Marcie Van Dusen

Personal information
- Nationality: United States
- Born: June 25, 1982 (age 44) Lake Arrowhead, California, U.S.
- Height: 1.65 m (5 ft 5 in)
- Weight: 55 kg (121 lb)

Sport
- Sport: Wrestling
- Event: Freestyle
- Club: Sunkist Kids (USA)
- Coached by: Terry Steiner

Medal record
Women's freestyle wrestling
Representing United States
Pan American Games
| Silver medal – second place | 2007 Rio de Janeiro | 55 kg |

= Marcie Van Dusen =

American freestyle wrestler

Marcie Van Dusen (born June 25, 1982) is an amateur female American freestyle wrestler, who competed for the women's 55-kg category at the 2008 Summer Olympics in Beijing. She is a two-time U.S national and world team trials champion, and a resident athlete at the U.S. Olympic Training Center in Colorado Springs, Colorado. She is also a silver medalist at the 2007 Pan American Games in Rio de Janeiro, Brazil.

==Biography==
Vandussen born in Lake Arrowhead, California on June 25, 1982, and she attended Rim of the World High School, where she was a member of the mixed varsity wrestling team, coached by John Beresford. She also earned letters in soccer and volleyball, before trying out for wrestling. After graduating from high school, Van Dusen attended three different universities across the United States, including the University of Colorado in Colorado Springs, Colorado, where she received a bachelor of science degree in geography and environmental sciences.

==Wrestling career==
Upon her admission at the University of Colorado, Van Dusen had been a regular member of the U.S. national wrestling team. In 2002, she moved from California to Colorado Springs, Colorado to work and train as a resident athlete at the U.S. Olympic Training Center. She first competed at the U.S. national championships, where she finished between third and fifth place for three consecutive years. At the span of her wrestling career, she had won numerous championship titles, including three at the U.S. world team trials. In addition to her achievements, Van Dusen finished fifth at the 2004 U.S. Olympic trials, which denied her chance to qualify for the 2004 Summer Olympics. She also made her international debut at the 2006 World Wrestling Championships in Guangzhou, China, where she placed tenth in the women's 55-kg category.
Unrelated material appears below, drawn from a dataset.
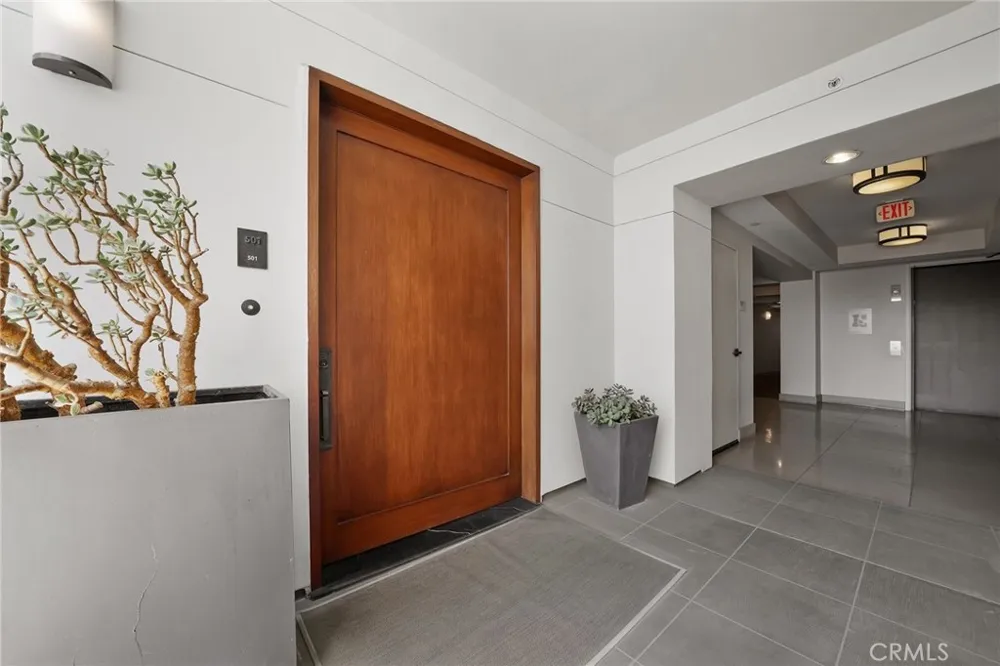 920 Granite Dr. #501 Pasadena, CA 91101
Having achieved her best possible finish at the World Championships, Van Dusen qualified for the 2007 Pan American Games in Rio de Janeiro, Brazil, and competed for the 55-kg category in women's freestyle wrestling. She won the silver medal in the final match after losing out to Colombia's Jackeline Rentería, who emerged as one of the top favorites of this event. Van Dusen managed to repeat her silver medal streak at the 2008 Pan American Wrestling Championships in Colorado Springs, when she was defeated by Canada's Tonya Verbeek in the final match, with a three-set score (1–1, 1–0, 1–1). Van Dusen had never won an international championship title in women's wrestling, until she defeated and upset Japan's Saori Yoshida at the World Cup in Taiyuan, China, snapping the opponent's 119-match winning streak. Van Dusen received an elusive qualifying berth at the 2008 Summer Olympics in Beijing, after competing at the inaugural Olympic qualifying tournament for her respective weight class.

==Olympic games==
Van Dusen made her official debut at the 2008 Summer Olympics in Beijing, and qualified for the women's 55-kg class in freestyle wrestling. In the first preliminary round, Van Dusen defeated against Ukraine's Natalia Synyshyn, after taking her off the mat by getting a quick leg attack, with a three-set score (0–4, 1–1, 7–0), and a classification point score of 1–3. For the second time, she finally faced against Rentería during the quarterfinal match, after advancing past the first preliminary round. Van Dusen was able to get a two-point takedown in the first period; however, her opponent scored two leg attack takedown against the former, to close the period at 7–2. In the second period, Van Dusen received a two-point takedown within a minute over the opponent, but Rentería was able to hit a three-point counter takedown, and reverse her with exposure for two more points to jump to the five-two score lead. Van Dusen was unable to score in the closing seconds, and ultimately lost in the match for the second time against Rentería, since the Pan American Games in Rio de Janeiro.

==Post-wrestling career==
After the Olympics, Van Dusen retired from her sporting career, and worked as a program coordinator and coach for Beat The Streets (Los Angeles) Wrestling Program. She also became the first female head coach on the collegiate level, when she served her two-year role as the women's coach at Menlo College in Atherton, California.